The addition of a net 131,010 formal jobs in July was driven by industry and construction, which together accounted for over 70% of the overall gains, followed by retail and agribusiness.

Services continued to shed jobs, the economy ministry said.

Over 1 million jobs were created, while 912,640 positions were lost.

July’s figures followed a downwardly-revised 19,579 formal job losses in June, and brings the net loss in the first seven months of the year to 1.1 million.

Economy Minister Paulo Guedes said he was “excited” by the “extraordinary” figures.

A ‘V-shaped’ recovery is possible, Guedes said, adding that the job numbers justified a recent wave of economists revising their 2020 gross domestic product forecasts upward.

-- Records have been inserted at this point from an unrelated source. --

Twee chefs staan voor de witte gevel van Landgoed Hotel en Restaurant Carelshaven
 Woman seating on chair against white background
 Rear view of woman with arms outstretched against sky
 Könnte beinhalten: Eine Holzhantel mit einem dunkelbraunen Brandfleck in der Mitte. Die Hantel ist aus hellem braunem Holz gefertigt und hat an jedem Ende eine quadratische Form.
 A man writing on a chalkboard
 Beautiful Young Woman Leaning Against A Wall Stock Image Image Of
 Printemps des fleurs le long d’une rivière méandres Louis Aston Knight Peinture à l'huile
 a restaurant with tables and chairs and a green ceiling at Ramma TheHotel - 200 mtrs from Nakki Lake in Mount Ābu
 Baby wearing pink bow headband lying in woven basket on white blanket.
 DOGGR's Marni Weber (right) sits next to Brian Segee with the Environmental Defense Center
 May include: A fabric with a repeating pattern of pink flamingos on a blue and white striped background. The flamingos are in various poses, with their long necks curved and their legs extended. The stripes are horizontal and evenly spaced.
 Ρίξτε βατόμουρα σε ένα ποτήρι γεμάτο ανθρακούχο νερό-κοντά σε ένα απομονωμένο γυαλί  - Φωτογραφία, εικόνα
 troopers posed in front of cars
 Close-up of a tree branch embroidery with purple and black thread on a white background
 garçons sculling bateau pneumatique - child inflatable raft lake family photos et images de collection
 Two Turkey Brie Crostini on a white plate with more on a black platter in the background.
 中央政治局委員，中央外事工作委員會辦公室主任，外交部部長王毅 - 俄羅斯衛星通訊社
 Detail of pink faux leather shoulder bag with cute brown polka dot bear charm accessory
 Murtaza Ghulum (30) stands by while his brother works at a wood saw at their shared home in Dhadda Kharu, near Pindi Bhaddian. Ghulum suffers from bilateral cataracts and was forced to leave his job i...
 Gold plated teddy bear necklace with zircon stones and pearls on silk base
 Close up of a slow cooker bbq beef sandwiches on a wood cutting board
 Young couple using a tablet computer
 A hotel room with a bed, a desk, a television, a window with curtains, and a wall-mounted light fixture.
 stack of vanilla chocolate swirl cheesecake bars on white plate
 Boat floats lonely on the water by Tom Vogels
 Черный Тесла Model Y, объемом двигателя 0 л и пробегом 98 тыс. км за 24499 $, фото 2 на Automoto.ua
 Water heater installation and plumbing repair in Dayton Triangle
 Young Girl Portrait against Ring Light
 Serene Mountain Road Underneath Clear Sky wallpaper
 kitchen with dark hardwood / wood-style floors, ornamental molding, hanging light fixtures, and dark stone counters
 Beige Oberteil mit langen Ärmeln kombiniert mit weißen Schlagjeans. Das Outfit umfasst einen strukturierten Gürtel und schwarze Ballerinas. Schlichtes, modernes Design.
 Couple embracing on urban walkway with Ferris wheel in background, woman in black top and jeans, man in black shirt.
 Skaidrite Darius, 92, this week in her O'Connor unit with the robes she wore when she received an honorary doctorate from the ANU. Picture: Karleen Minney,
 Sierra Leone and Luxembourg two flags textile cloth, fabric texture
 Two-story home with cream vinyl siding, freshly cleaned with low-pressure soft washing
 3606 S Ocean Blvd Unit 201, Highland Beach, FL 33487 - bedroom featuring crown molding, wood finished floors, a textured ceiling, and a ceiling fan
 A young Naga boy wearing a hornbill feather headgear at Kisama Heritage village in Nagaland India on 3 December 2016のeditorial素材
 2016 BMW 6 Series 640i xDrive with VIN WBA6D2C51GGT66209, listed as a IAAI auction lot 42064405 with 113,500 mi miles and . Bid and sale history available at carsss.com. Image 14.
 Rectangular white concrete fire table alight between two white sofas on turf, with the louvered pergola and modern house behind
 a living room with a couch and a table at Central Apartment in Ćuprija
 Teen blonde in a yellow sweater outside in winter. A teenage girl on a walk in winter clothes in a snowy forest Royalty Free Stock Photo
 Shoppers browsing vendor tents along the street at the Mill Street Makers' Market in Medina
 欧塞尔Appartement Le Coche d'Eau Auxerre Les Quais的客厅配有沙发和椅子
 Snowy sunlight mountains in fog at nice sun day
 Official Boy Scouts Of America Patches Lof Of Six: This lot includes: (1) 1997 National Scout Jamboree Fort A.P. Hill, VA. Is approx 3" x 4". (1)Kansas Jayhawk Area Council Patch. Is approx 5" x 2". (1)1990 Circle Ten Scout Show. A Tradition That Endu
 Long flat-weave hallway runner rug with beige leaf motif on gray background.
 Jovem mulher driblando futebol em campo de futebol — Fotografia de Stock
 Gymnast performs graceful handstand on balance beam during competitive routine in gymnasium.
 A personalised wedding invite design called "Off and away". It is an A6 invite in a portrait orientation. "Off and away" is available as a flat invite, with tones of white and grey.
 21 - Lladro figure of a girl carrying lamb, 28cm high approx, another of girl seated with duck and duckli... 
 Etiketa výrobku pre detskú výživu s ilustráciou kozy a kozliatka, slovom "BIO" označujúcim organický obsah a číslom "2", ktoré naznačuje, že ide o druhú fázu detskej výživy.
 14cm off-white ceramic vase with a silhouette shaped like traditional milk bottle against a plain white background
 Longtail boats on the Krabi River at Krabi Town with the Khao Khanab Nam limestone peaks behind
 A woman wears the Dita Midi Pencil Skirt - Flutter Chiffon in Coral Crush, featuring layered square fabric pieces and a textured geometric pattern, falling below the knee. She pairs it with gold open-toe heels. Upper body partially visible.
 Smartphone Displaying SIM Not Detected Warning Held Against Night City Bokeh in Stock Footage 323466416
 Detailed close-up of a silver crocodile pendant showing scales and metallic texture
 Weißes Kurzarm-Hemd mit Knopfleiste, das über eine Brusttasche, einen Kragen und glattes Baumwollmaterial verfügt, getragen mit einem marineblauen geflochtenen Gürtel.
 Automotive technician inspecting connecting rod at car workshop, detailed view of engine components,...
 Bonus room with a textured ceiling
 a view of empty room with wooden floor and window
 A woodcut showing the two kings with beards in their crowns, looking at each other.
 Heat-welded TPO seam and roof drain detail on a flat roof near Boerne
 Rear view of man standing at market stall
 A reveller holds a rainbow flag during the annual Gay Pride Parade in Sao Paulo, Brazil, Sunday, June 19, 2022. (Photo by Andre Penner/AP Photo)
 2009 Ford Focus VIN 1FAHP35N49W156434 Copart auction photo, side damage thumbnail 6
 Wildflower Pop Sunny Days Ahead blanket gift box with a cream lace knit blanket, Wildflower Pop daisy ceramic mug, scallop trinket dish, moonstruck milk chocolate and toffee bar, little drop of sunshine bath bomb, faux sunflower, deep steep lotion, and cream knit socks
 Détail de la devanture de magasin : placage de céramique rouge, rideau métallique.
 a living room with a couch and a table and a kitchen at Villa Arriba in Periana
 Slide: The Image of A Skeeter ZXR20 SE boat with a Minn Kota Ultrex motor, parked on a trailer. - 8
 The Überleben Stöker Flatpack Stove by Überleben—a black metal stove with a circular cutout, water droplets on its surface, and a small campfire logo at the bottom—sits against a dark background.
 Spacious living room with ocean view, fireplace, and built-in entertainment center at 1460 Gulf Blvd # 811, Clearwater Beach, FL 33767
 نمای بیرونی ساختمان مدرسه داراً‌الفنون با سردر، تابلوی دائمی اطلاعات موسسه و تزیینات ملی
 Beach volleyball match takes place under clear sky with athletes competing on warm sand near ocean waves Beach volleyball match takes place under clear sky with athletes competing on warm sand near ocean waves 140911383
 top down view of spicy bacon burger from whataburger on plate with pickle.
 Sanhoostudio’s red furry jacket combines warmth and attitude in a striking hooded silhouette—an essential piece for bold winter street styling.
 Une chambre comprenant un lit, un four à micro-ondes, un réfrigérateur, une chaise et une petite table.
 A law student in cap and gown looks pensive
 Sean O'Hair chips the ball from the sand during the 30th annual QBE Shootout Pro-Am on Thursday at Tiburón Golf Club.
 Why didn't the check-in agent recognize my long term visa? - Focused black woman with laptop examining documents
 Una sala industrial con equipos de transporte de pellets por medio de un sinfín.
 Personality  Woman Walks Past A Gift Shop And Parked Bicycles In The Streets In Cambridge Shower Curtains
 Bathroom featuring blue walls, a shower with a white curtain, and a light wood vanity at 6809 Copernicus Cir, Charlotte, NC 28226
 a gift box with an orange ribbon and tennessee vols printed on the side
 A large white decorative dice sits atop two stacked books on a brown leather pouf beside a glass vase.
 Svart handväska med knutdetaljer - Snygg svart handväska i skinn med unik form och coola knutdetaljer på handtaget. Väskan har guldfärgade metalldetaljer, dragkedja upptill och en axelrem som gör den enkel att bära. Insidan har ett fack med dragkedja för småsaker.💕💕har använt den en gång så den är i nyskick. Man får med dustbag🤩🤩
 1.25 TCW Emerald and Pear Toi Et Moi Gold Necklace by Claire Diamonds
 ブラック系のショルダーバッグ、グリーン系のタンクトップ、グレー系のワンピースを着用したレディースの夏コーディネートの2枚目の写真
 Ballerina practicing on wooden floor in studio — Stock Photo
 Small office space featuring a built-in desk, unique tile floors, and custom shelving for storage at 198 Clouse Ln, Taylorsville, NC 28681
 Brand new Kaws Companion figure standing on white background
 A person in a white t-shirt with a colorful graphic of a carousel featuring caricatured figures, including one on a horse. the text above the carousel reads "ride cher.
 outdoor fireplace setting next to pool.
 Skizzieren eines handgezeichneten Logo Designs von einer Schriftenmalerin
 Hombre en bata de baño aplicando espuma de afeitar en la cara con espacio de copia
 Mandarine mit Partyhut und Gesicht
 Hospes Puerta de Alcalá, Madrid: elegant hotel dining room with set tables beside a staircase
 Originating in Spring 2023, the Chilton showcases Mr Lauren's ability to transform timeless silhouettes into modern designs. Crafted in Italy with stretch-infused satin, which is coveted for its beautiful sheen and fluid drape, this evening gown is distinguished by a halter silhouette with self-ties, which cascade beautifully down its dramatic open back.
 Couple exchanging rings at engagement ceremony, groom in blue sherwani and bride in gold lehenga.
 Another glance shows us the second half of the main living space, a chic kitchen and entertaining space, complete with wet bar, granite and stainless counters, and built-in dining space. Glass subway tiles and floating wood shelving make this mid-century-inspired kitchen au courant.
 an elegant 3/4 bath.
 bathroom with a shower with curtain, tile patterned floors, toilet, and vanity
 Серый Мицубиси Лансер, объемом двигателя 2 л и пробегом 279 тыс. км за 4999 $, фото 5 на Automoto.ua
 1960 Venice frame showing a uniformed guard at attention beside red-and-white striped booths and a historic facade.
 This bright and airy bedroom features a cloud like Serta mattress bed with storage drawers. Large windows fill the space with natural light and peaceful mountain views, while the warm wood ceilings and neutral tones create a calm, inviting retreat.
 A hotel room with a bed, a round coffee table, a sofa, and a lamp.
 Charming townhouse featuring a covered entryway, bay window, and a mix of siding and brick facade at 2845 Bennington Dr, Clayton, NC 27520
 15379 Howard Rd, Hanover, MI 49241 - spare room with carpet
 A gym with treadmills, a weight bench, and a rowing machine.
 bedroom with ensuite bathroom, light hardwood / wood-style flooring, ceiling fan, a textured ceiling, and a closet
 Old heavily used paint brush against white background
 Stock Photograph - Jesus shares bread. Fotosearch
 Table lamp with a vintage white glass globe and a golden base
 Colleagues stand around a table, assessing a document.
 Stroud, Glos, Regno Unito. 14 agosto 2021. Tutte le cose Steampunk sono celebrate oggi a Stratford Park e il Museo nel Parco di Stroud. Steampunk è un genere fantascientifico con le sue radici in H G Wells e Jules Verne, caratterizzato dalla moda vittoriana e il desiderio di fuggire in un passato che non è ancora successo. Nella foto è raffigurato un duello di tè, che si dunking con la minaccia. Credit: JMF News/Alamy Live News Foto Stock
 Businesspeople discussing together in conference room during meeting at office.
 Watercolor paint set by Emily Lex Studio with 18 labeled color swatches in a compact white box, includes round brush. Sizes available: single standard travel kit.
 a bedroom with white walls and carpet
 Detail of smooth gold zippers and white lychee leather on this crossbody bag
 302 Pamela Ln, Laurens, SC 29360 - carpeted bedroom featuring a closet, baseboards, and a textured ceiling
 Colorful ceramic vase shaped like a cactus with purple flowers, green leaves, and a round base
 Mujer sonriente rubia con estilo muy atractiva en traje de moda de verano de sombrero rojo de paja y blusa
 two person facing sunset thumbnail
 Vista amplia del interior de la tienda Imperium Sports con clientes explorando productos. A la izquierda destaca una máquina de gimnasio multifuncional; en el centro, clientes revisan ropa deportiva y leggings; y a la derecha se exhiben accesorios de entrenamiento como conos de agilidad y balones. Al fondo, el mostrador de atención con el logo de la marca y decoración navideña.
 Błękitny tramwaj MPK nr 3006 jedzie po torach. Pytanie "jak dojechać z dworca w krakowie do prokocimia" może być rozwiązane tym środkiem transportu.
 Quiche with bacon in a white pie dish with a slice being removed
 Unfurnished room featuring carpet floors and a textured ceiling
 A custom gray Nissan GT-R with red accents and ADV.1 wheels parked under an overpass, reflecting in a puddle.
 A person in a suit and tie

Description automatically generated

“Revisions are now confirming that GDP may fall 4%, just over 4%, practically half of what had been predicted before,” he told reporters in Brasilia.

Work and Pensions Secretary Bruno Bianco said the government would extend for another two months a program that allows firms to reduce workers’ hours or suspend contracts, in return for keeping them on the payroll.

More than 16 million workers and 1.4 million employers have been involved in the program so far, Bianco said, adding that only 23.2 billion reais out its 51.6 billion reais budget had been spent.

The latest official unemployment statistics show the jobless rate rose to a three-year high of 13.3% in the three months to June. But underlying figures paint a far more precarious picture.

A record number of Brazilians are out of the workforce completely, a record low number as a share of the working population – less than 50% – have a job, and the underemployment rate surged to an all-time high.